Ele não o disse de forma agressiva, mas o comentário provocou-me uma pontada de medo no pescoço. Hesitei.
— Não me importo — acrescentou, tocando-me levemente com o ombro. Senti o meu corpo relaxar. — A minha mãe trabalha num restaurante. Provavelmente, ainda não o conheces. A Taberna? Pertence à nossa família.
— Por acaso, conheço! — respondi, lembrando-me da esplanada apinhada. — Eu e a minha mãe passámos por lá de carro. Que tipo de restaurante é?
— Polaco… tipo pierogies e assim. A minha família é polaca.
Não fazia ideia do que eram os tais pierogies, mas não o revelei.

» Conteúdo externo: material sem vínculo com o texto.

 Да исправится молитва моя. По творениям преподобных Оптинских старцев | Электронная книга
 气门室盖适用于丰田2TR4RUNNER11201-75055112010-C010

— Parecia muito atarefado na altura.
— Não há muitos sítios onde comer por aqui. E a comida é boa. A minha mãe faz os melhores pastéis do mundo. Mas dá muito trabalho, por isso, a partir da tarde, ela está quase sempre fora.
— E o teu pai não ajuda?
— Hum, não.
— Beeem… — comentei. — E porque não?
— O meu pai morreu, Percy — respondeu ele, olhando para uma mota de água que passava por ali.
Não sabia o que dizer. E devia ter ficado calada, mas, em vez disso, disse:
— Nunca conheci ninguém que tivesse perdido o pai.
De imediato, quis absorver de novo as palavras e mandá-las pela garganta abaixo. Fiquei com os olhos arregalados de pânico.
As coisas ficariam mais ou menos esquisitas se eu saltasse agora para o lago?
O Sam virou-se devagar para mim, pestanejou, olhou-me diretamente nos olhos e declarou:
— Nunca conheci ninguém tão desbocada.
Senti-me como se estivesse presa numa rede. Estava ali sentada, de boca aberta, com a garganta e os olhos a arderem. E, então, a fina linha dos seus lábios elevou-se num canto e ele riu-se.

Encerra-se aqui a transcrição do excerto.